In February 1917 Frederic Augustus Eustis, a wellknown engineer and yachtsman, had submitted a scheme to William Denman, chairman of the infant United States Shipping Board, to meet the emergency need. In lieu of costly steel vessels, Eustis called for the establishment of a large wooden-ship-building program. It would be fast and cheap, it would not tie up shipyards engaged in naval construction, and it could produce vessels with easily trained semiskilled labor faster than German U-boats could sink them.
Denman saw merit in the concept and secured the blessing of President Wilson. The Shipping Board formed the Emergency Fleet Corporation (EFC) to oversee the construction of the ships by private contractors. Gen. George W. Goethals, the famed builder of the Panama Canal, was appointed general manager.
Denman’s initial plans called for launching 1,000 wooden steamships within 18 months, each powered by 1,500-horsepower engines, capable of a maximum speed of 10 knots, and averaging 3,500 dead-weight (cargo capacity) tons. They would be 240 to 300 feet long and up to 50 feet abeam. Each ship would be built from 1.5 million board feet of yellow pine or Douglas fir. A standard design, drawn up by the EFC’s chief naval architect, Theodore Ferris, would serve as the basic pattern. All wooden components would be pre-cut, numbered, and finished to specifications before shipment to fabrication yards. New technologies would have to be developed to facilitate mass production, and a nationwide complex of special schools would have to be established to train personnel. It was a tall order, but soon 35 shipyards on the Pacific Coast, 33 on the Atlantic Coast, 18 on the Gulf Coast, and 1 on the Great Lakes were under contract to build wooden steamships. Many of the yards existed only on paper until the contracts were awarded. Some critics complained that all anyone needed to secure a government contract was “a piece of land and a keg of nails.”
Massive orders for timber suitable for keels, frames, and hull planking were being placed by July 1917, but a debilitating power struggle between Denman and Goethals over the direction of the program held up approval for the first 433 wooden steamers until October. Paperwork and bureaucracy proliferated, while opposition to the very idea of a wooden steamship program, much of it fostered by the steel industry, blossomed overnight.

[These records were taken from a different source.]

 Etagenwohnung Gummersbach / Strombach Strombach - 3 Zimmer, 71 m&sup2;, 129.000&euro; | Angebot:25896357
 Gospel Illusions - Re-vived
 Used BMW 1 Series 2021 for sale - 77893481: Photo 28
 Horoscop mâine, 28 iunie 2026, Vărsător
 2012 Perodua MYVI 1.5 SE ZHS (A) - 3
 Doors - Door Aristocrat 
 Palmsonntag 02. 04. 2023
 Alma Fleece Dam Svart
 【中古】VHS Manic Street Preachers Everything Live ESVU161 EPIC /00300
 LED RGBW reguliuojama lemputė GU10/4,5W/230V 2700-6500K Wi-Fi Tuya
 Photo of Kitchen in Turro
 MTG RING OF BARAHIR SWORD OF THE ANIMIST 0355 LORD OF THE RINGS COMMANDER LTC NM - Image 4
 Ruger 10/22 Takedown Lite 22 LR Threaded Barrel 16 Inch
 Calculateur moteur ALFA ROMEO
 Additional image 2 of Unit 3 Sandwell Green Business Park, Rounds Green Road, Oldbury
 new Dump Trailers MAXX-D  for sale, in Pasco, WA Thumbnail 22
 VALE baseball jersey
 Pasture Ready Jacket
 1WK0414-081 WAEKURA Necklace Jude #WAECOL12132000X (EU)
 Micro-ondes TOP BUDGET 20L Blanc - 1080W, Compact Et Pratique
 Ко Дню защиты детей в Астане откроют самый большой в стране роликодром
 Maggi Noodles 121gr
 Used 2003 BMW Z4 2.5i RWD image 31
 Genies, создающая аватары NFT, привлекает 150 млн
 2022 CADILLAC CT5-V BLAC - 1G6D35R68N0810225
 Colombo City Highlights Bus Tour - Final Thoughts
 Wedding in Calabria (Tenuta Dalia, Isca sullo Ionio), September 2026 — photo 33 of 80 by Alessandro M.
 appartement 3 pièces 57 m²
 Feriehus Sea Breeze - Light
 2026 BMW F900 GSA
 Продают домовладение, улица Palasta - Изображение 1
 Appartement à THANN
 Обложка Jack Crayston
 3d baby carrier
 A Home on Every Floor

By November chaos had befallen the program. Millions of feet of timber had accumulated at the shipyards, most of it still green and much of it cut to incorrect specifications. Yet somehow the program lurched forward. On December 1, 1917—eight months after America’s entry into the war—the first wooden bottom, the North Bend , was launched into the Pacific after 120 days of construction. Not until the next May would the first wooden steamship (not the North Bend ) finally be outfitted, undergo sea trials, and be readied for actual duty.
By then bureaucratic infighting had squelched the EFC’s early optimism. Accusations of mismanagement had begun to appear in the national press in March: charges that the ships, built with unseasoned wood, were dangerously unseaworthy. The Shipping Board vehemently denied rumors that the first hull launched had sunk in ballast and the second had gone down after being outfitted. By October 1918 only 134 wooden steamships had been completed; another 263 were less than half finished. When Germany surrendered on November 11, not one of them had crossed the Atlantic.
Congressional charges of bureaucratic ineptitude within the program followed in the wake of the Allied victory. Ten days after the surrender, Sen. Warren G. Harding of Ohio and Sen. William M. Calder of New York called for an investigation and an immediate end to production. The results of the Senate probe were shocking. Of the 731 wooden steamships contracted for, only 98 had been delivered. Of these, only 76 had carried cargo in trade, mostly in Pacific coastal waters. Charges flared that the vessels were badly designed, weakly constructed, and poorly caulked, that they leaked excessively and were too small and expensive for long-distance cargo hauling. Some were unable to withstand even their own engine vibrations. One foe of the programs declared that “a wooden freighter steamship is something that ought never to exist, and when built will not exist long.”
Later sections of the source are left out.